NEVADA, Iowa (AP) - A student who was sexually assaulted after an Iowa State University party confronted her assailant at his sentencing hearing Thursday, telling him the attack had scarred her forever.
The March 2014 assault “turned my life upside down,” 21-year-old Melissa Maher told Patrick Whetstone in a forceful statement from the witness stand.
“It’s been 914 days since you shattered my college career, put it on hold and touched my soul in a way that haunts me in my sleep,” Maher told Whetstone, reading from a two-page typed statement. “My life has been completely changed because you wanted to have your fifteen minutes of fun.”
She warned: “Don’t you ever mess with another woman. Don’t you ever touch another girl. No means no.”

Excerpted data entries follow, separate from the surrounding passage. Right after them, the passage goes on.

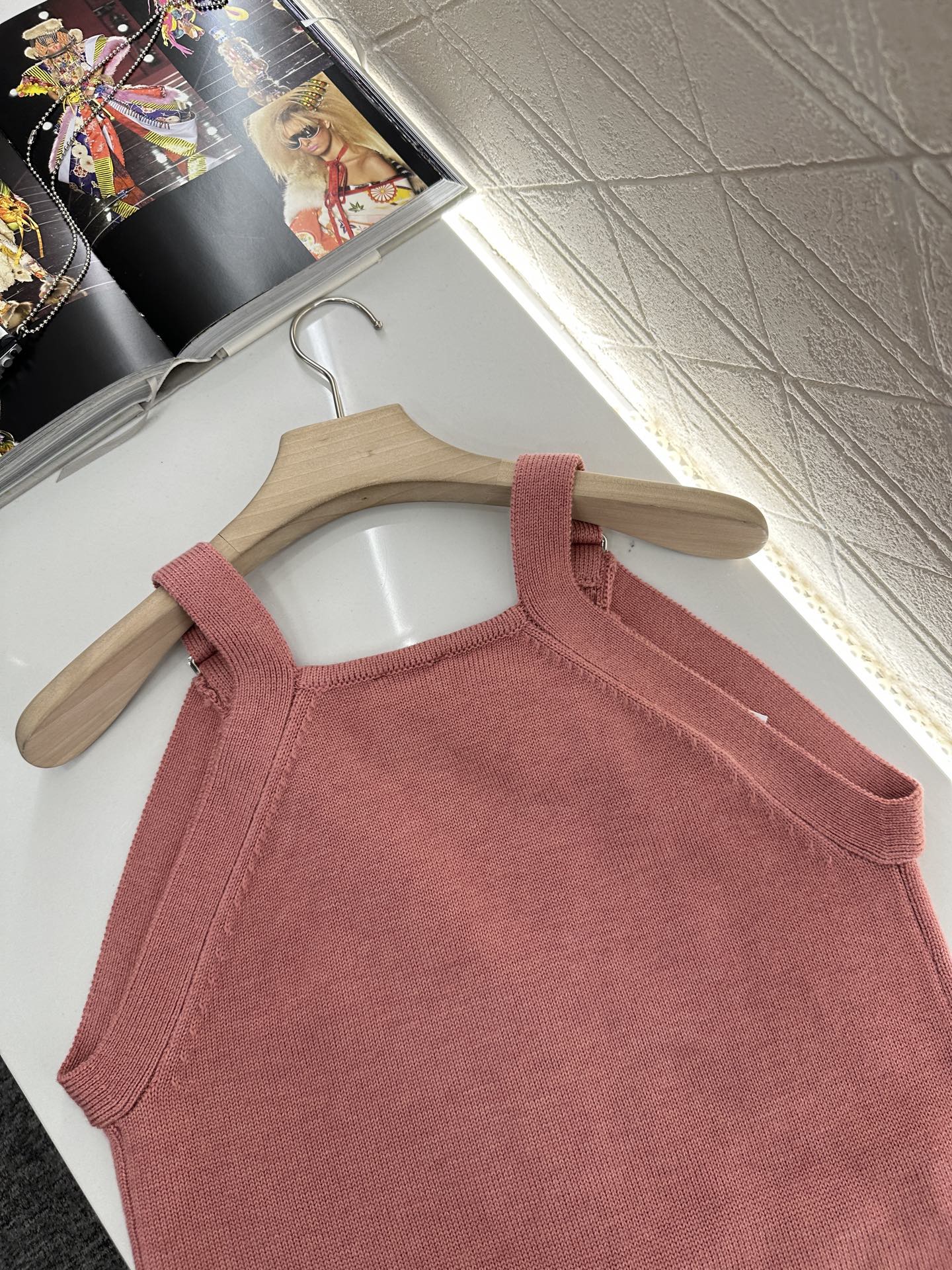 C 2025 new products Vest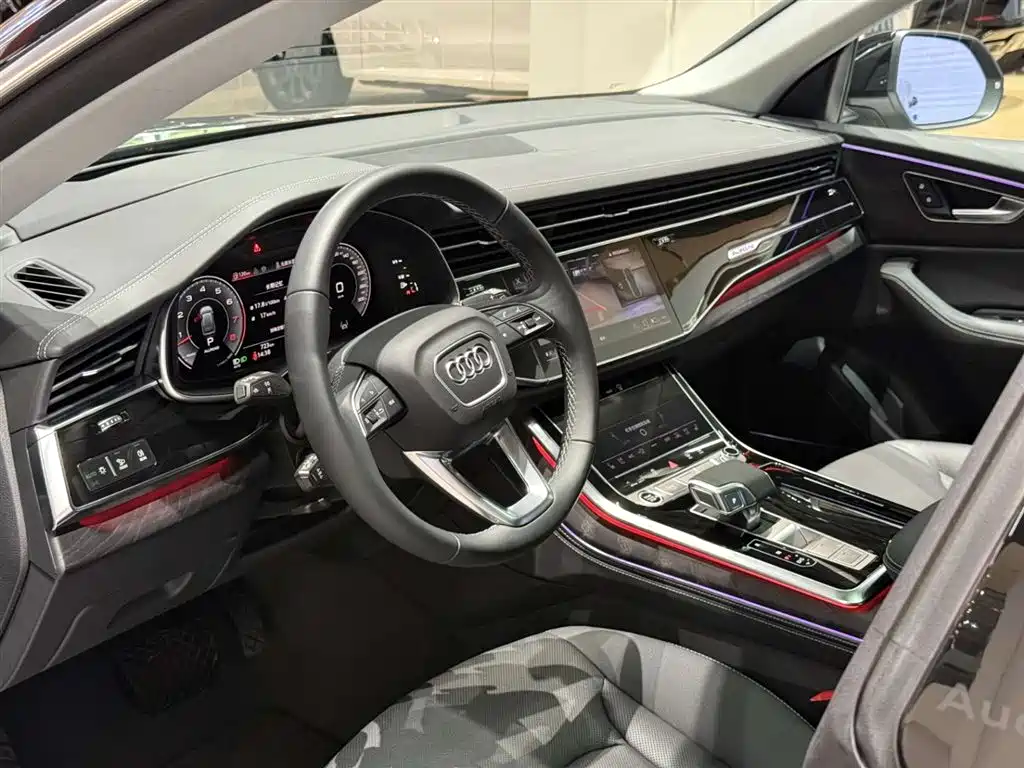 Audi Q8 2025 — фото 15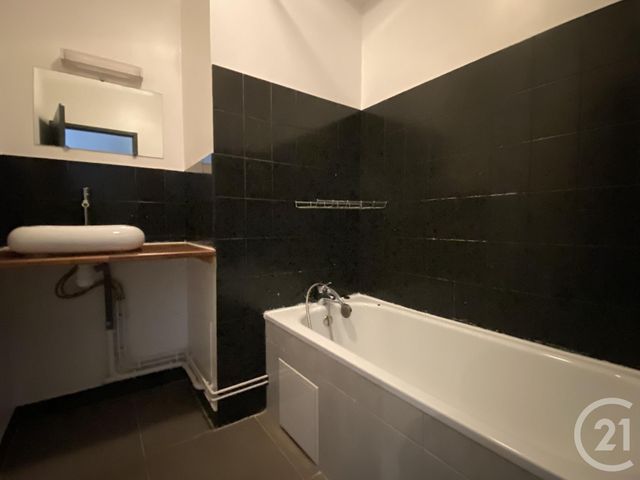 Appartement à louer - 2 pièces - 42.1 m2 - BERGERAC - 24 - AQUITAINE - Century 21 Immotion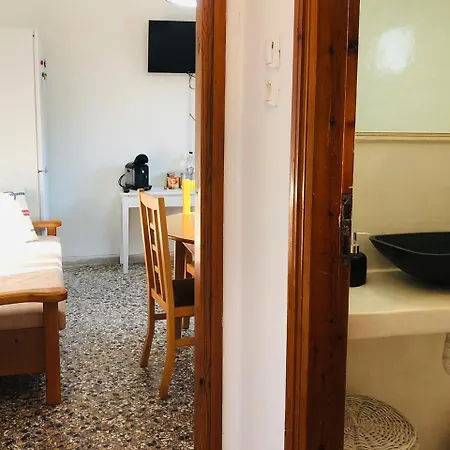 Rita's Beachfront House * Páros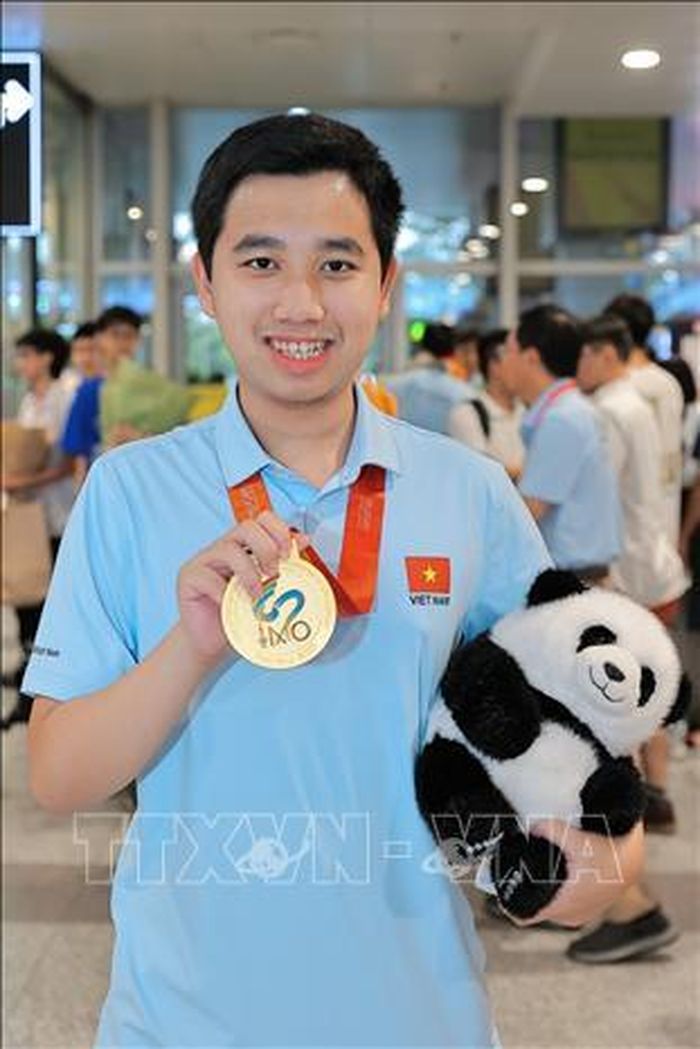 Học sinh Nguyễn Lê Nhật Nam (lớp 12, THPT chuyên Đại học Sư phạm Hà Nội) giành huy chương Vàng Olympic Toán quốc tế năm 2026. Ảnh: Lê Đông/TTXVN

Maher, who said she wanted to be publicly identified, spoke before Judge James McGlynn sentenced the 21-year-old Whetstone to two years of probation followed by 10 years of monitoring and a lifetime requirement that he register as a sex offender. Both parties had recommended that sentence in a plea agreement in which Whetstone pleaded guilty to assault with intent to commit sexual abuse, an aggravated misdemeanor.
McGlynn said he believed the sentence was an appropriate resolution that would protect the community and allow Whetstone to be rehabilitated. He said he was encouraged that Whetstone had started to accept responsibility by pleading guilty and warned him to get consent from sexual partners in the future.
A criminal complaint says that Maher, then 19, became ill after drinking alcohol at a March 29, 2014, on-campus party where she met Whetstone, who was also drinking. Both were students at the time. After falling asleep or passing out on a couch, she says she woke up to find Whetstone sexually assaulting her.
Maher, who is now a community college student in her native state of Texas and recently engaged, said the plea agreement was “the best thing for me to go on with my life.”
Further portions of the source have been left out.